Flavors of China > Szechuan cuisine
There is a saying here that “Szechuan cooking is very spicy. No doubt that’s why the inhabitants of the region have the sharpest tongues in the whole country.” This land of the four rivers includes the western border regions. Isolated for centuries, some 1600 km from the sea, Szechuan province developed a unique cooking style, notably spicier than in other regions, especially since the Szechuanese have a predilection for fagara, a small hot red pepper whose effect on the palate is like a time bomb.
The seasoning called Szechuan pepper is in fact a mixture of fagara and true black pepper. There are 21 sauces and spice mixtures unique to this cuisine, each with a distinctive flavor and its own particular culinary role. The best known are Gung-bao, a hot peppery blend; Tou pan jian, based on garlic, ginger, onion and chili; hot and sour; garlic sauce; ginger sauce; five spice powder, etc.

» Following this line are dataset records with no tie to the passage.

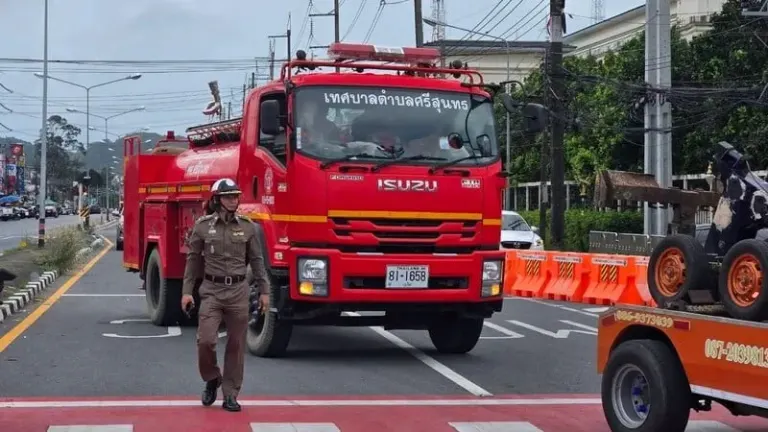 Thalang Police Boost Traffic Safety for July Holiday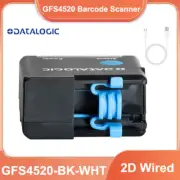 Datalogic Gryphon GFS4520-BK-WHT USB Fixed Mount 1D 2D Barcode Scanner w/ Cable
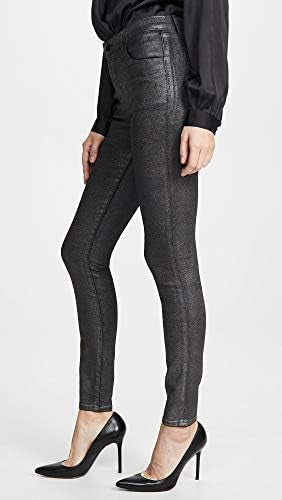 NEW- J Brand Silver Lament  'Maria' High Rise Skinny Jeans- Size 29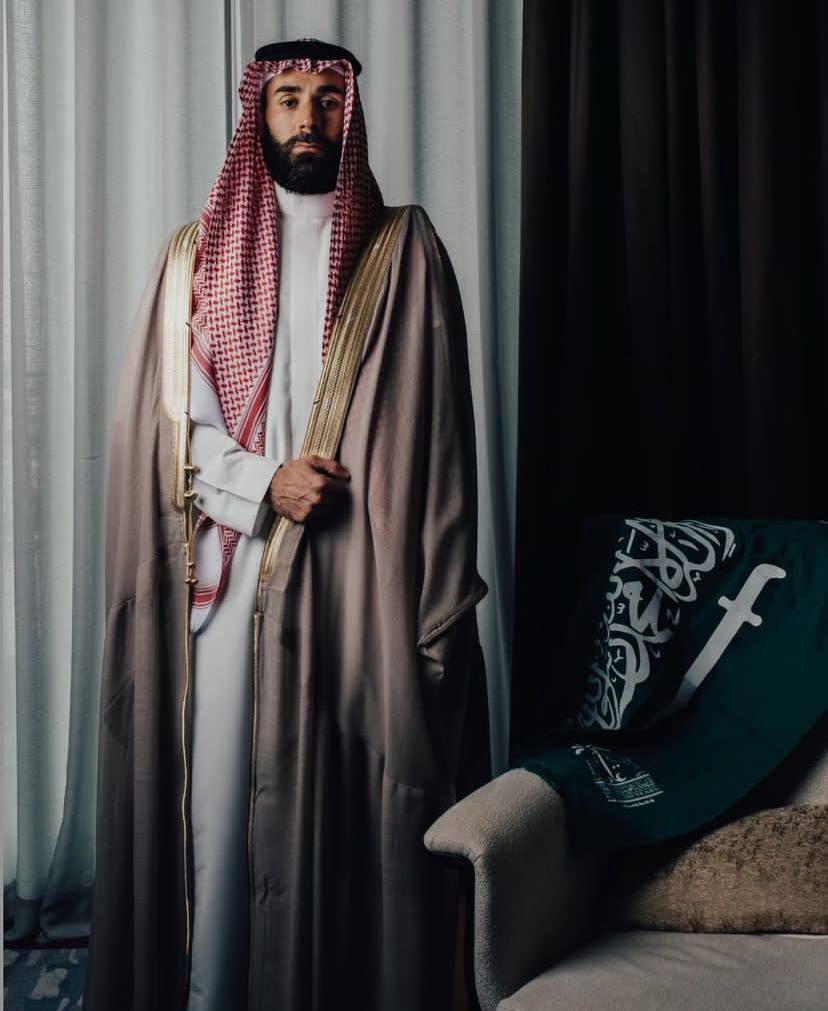 (عکس) شیخ بنزما در عربستان!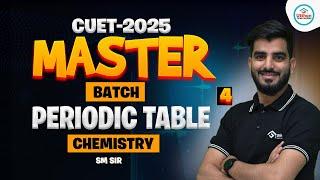 CUET 2025 CHEMISTRY: MASTER THE PERIODIC TABLE FOR TOP MARKS! | BEST  COACHING | #cuet2025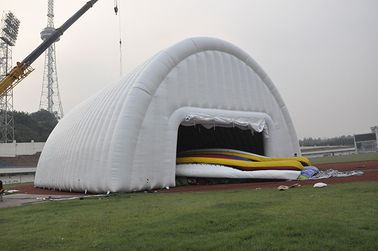 چادر ورزشی در فضای باز بادی PVC در فضای باز حرفه ای برای رویداد 40 × 15 میلیون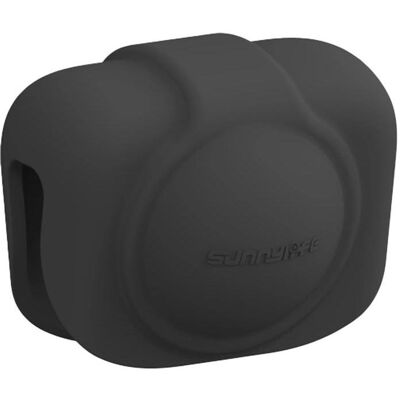 Sunnylife SG034 silicone lens cover for OSMO 360, Action Cam Zubehör, Schwarz Sunnylife SG034 silicone lens cover for OSMO 360, Action Cam Zubehör, Schwarz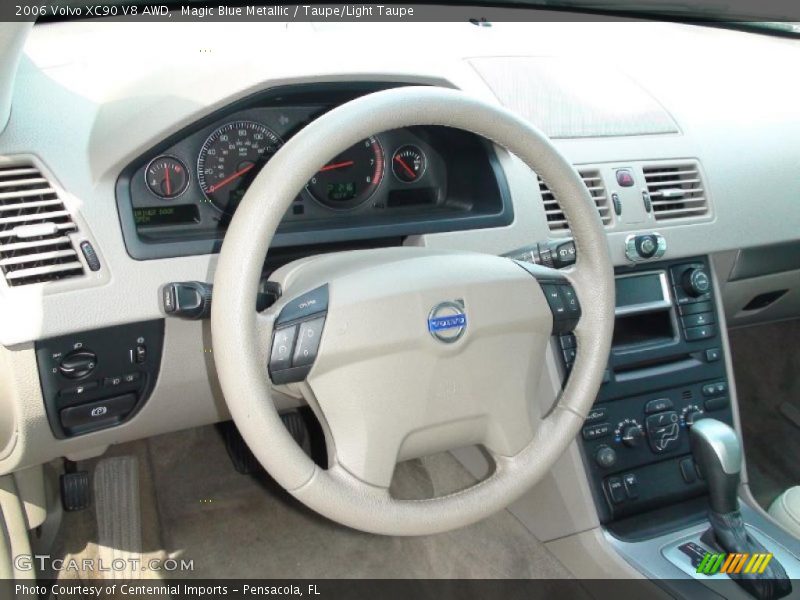 Magic Blue Metallic / Taupe/Light Taupe 2006 Volvo XC90 V8 AWD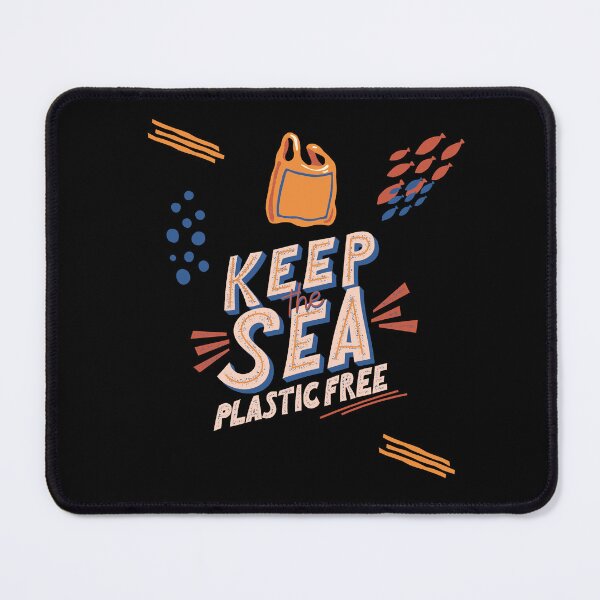 Item preview, Keep The Sea Plastic Free designed and sold by IllustrT.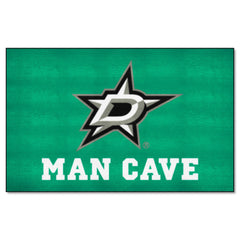 Dallas Stars Man Cave Ulti-Mat Rug - 5ft. x 8ft.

People of this region are adept in the art of preserving meat, either by pickling or smoking, and duck smoked over camphor wood and tea leaves is one of their most famous specialties.
Traditional rural cooking is often very time-consuming. A certain meat-based specialty is known as “pudding boiled three times and turned nine times,” consisting of successive layers of meat and vegetables steamed in a casserole for many hours. The choice and balance of ingredients is an art in itself, a reflection of the culinary sophistication of the cook.
If you go to Szechuan’s capital, Chengdu, the traditional departure point on the long routes leading to the Himalayas, don’t miss going to one of the many tea rooms to be found in the old parts of the city, especially near the temple of Wenshu. Here locals sit playing chess or cards, and between sips of tea the ear cleaner may come by and offer you his services!